In early December 2021, a suspected drunk driver also entered the exit ramp and began driving in the wrong direction on I-480. Fortunately, a state trooper spotted her and was able to perform a pursuit intervention technique, or PIT maneuver, before she caused a violent, head-on collision.
Although wrong-way crashes account for 0.01% of all traffic crashes statewide, they are 40 times more likely to result in serious injury or death.
“It is something that [ODOT] takes very seriously,” said ODOT spokesperson Amanda McFarland.
In recent years, ODOT has taken numerous steps to limit wrong-way crashes from happening, including the installation of additional "wrong way" signs on entry and exit ramps as well as additional signage that is located lower to the ground in order to be more present in drivers’ fields of view.
“We beefed up those signs and we also put them lower because statistics show that those that are impaired while behind the wheel tend to look down while driving,” McFarland said.
According to preliminary traffic crash data provided by the Ohio State Highway Patrol, there were nearly 1,000 wrong-way crashes on divided highways from 2016 through 2021. Those crashes, about a third of which involved an impaired driver, killed more than 130 people and injured around 800.
“Impaired driving is what causes the majority of these types of incidents. It’s literally like blindfolding yourself and throwing an arrow at a map to try to and figure out where the next one is going to occur,” McFarland said.
Over the past several years, the state has increased its efforts in collecting crash data and mapping wrong-way crashes in order to find commonalities. The tracking of that data led state leaders earlier this year to announce that ODOT would be installing up to 50 wrong way detection systems at 25 locations along the I-90 and I-71 corridors in the Cleveland area between West 150th Street and East 140th Street. Construction on the $1.8 million project should begin next year.
The wrong-way detection devices activate flashing lights to warn a driver that they are going the wrong way. The system, which also captures a small snippet of video to ensure the detection wasn’t a false alarm, also automatically notifies ODOT and the local police department.

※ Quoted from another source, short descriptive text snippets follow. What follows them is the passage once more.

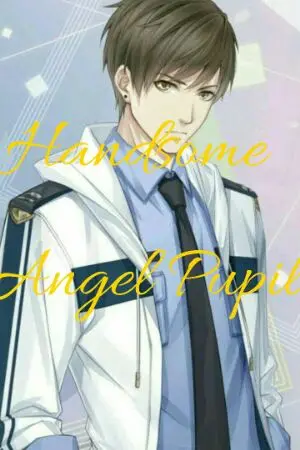 ปกนิยาย Handsome Angel Pupil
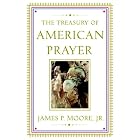 The Treasury of American Prayers by James P. Moore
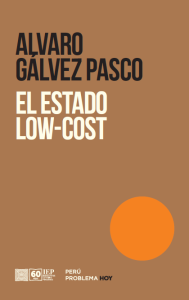 EL ESTADO LOW-COST. BUROCRACIA, INFORMALIDAD Y PRECARIEDAD DE LOS SERVICIOS PÚBLICOS EN EL PERÚ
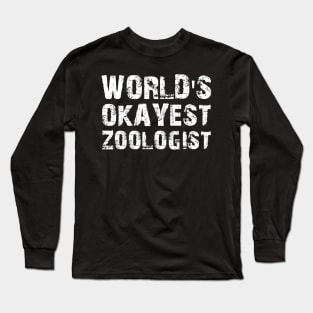 Zoologist - World's okayest zoologist Long Sleeve T-Shirt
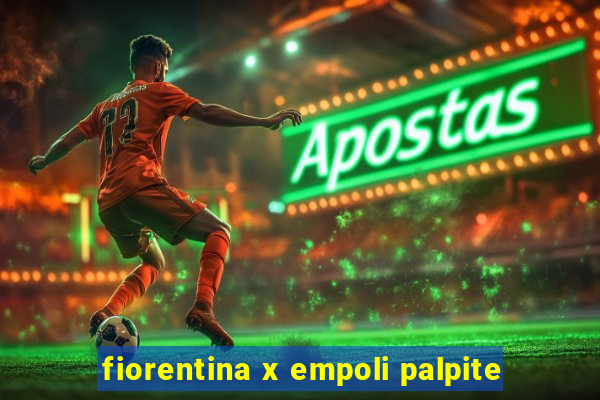 fiorentina x empoli palpite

“We are constantly tracking and monitoring where these incidents are occurring because we have seen such success in the Cincinnati area with this system. We do think if other corridors present themselves with the data that we’re tracking, we could certainly expand this system in Northeast Ohio and the Cleveland area specifically,” McFarland said. “In addition to the crash data and the wrong-way driver data that we looked at, we also looked at locations and ramps where there were alcohol establishments and restaurants that serve alcohol because, as we all know, that unfortunately plays a role in these wrong-way crashes.”